---------- Given information

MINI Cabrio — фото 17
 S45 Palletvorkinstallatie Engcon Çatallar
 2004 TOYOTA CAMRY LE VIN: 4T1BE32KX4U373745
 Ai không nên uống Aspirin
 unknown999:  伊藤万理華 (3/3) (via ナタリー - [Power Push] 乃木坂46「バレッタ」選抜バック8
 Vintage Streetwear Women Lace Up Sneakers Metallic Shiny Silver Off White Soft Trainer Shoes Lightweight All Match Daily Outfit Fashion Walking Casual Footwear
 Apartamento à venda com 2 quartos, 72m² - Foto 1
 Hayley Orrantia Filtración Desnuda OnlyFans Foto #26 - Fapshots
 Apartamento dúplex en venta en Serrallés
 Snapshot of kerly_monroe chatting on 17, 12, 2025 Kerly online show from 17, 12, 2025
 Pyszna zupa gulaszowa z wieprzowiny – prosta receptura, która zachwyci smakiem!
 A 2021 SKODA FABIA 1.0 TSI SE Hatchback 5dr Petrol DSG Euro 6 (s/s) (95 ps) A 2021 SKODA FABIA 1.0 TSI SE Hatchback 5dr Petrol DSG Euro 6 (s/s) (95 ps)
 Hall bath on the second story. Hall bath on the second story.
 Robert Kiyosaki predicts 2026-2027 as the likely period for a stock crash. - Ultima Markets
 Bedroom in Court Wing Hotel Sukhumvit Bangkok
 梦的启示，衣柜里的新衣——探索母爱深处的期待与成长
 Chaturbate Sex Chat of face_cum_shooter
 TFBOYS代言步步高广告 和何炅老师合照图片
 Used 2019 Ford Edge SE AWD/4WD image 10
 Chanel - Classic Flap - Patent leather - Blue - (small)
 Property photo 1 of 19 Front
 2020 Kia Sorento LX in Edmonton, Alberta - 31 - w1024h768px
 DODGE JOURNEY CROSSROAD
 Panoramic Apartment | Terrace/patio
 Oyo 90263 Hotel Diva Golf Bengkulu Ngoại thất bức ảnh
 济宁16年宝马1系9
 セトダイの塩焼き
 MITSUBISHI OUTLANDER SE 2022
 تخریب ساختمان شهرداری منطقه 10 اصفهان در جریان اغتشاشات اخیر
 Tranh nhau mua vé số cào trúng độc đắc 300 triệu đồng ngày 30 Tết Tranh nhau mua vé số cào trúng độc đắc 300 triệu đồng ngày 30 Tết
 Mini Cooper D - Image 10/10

--------------------

▶ [Exercise instructions] What is wanted is every line from the first line of the entries through the line that contains "梦的启示，衣柜里的新衣——探索母爱深处的期待与成长", given again exactly.

▶ [Written answer]
MINI Cabrio — фото 17
 S45 Palletvorkinstallatie Engcon Çatallar
 2004 TOYOTA CAMRY LE VIN: 4T1BE32KX4U373745
 Ai không nên uống Aspirin
 unknown999:  伊藤万理華 (3/3) (via ナタリー - [Power Push] 乃木坂46「バレッタ」選抜バック8
 Vintage Streetwear Women Lace Up Sneakers Metallic Shiny Silver Off White Soft Trainer Shoes Lightweight All Match Daily Outfit Fashion Walking Casual Footwear
 Apartamento à venda com 2 quartos, 72m² - Foto 1
 Hayley Orrantia Filtración Desnuda OnlyFans Foto #26 - Fapshots
 Apartamento dúplex en venta en Serrallés
 Snapshot of kerly_monroe chatting on 17, 12, 2025 Kerly online show from 17, 12, 2025
 Pyszna zupa gulaszowa z wieprzowiny – prosta receptura, która zachwyci smakiem!
 A 2021 SKODA FABIA 1.0 TSI SE Hatchback 5dr Petrol DSG Euro 6 (s/s) (95 ps) A 2021 SKODA FABIA 1.0 TSI SE Hatchback 5dr Petrol DSG Euro 6 (s/s) (95 ps)
 Hall bath on the second story. Hall bath on the second story.
 Robert Kiyosaki predicts 2026-2027 as the likely period for a stock crash. - Ultima Markets
 Bedroom in Court Wing Hotel Sukhumvit Bangkok
 梦的启示，衣柜里的新衣——探索母爱深处的期待与成长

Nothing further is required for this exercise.